Top sim racers like Daniel Bereznay and Cem Bolukbasi, who won the two #NottheBahGP events, were likely unknown to many F1 fans who tuned in for the first time. So it’s important that a big effort is made in getting their names and characters across.
Racing fans need to come to better understand the high level they are operating at, and the online racing will be better if there is a good mix of top line real racers and sim professionals that we all know.
Maybe forcing teams to run a Pro-Am set-up (with the real F1 stars as the Amateur) would be one way of ensuring there is the right mix of racing talent there.
Disconnects aren’t acceptable
While Lando Norris’ antics on Twitch were amusing, and everyone laughed at the progress of his AI LandoBot, they only came about because he had been disconnected from the game server.
For a top line event like the Virtual Grand Prix, where Norris was expected to be one of the stars of the show, it was pretty inexcusable that he was effectively out of the equation before he had completed a single qualifying or racing lap. Anthony Davidson also found himself disconnected and racing against AI opposition only, only finding out when he finished the original full distance race.
Of course, one of the downsides of online racing is that disconnects do happen occasionally – and we’ve all experienced the heartbreak of it happening – but to have it happen twice to Norris in a short space of time needs to be avoided.

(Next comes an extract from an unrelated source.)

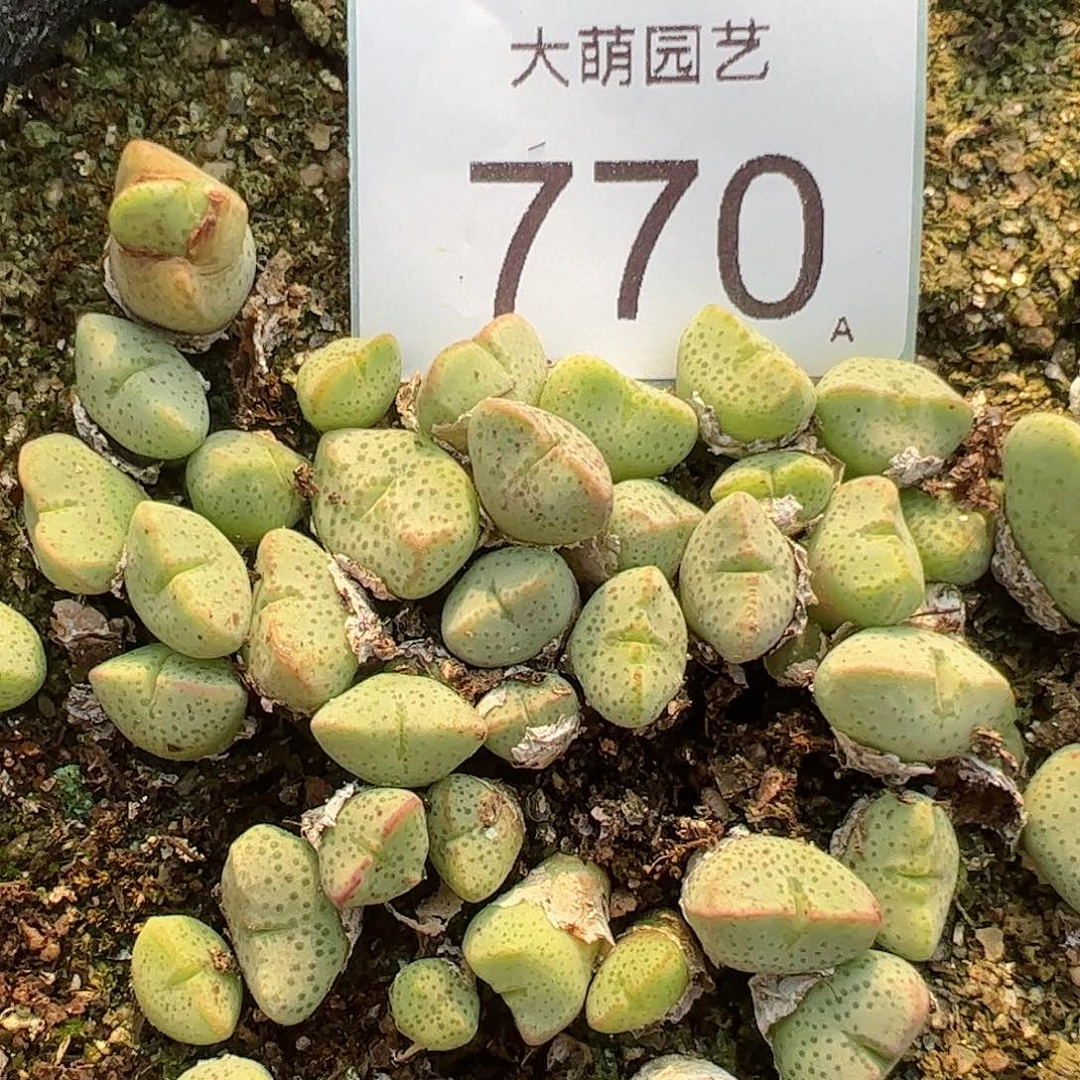 0000770量拍紫式部3颗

Sure his Twitch channel may not have been as much fun if he had been driving all the time and not phoning up his mates, but we would all much prefer to watch him battling it out there on track.
We all need some racing in our lives
F1 2019 screenshot
Photo by: Veloce Racing
The biggest positive from the two events was that for three hours on Sunday night, Formula 1 and sim racing fans were finally able to switch off from the bombardment of coronavirus news that has gripped the world for weeks.

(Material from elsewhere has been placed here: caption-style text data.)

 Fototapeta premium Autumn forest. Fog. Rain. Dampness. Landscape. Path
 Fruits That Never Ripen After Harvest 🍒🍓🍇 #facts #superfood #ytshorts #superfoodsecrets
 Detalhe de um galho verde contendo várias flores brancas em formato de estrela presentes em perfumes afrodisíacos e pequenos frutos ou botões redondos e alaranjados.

With many of us having lives dictated by the ebb and flow of the real motorsport calendar, the growing likelihood of being robbed of track action for many months to come has been hard to comprehend. And racing is something that we are all going to miss.
While the wider world’s talk of self isolation and lockdowns are far more important than undercuts and overtaking in the grand scheme of things, being able to switch off for a bit and be entertained by some virtual wheel-to-wheel action has a value for lifting spirits and bringing all the racing community back together.
Both Veloce and F1 should be applauded for putting the smile back on many people’s faces during these difficult times.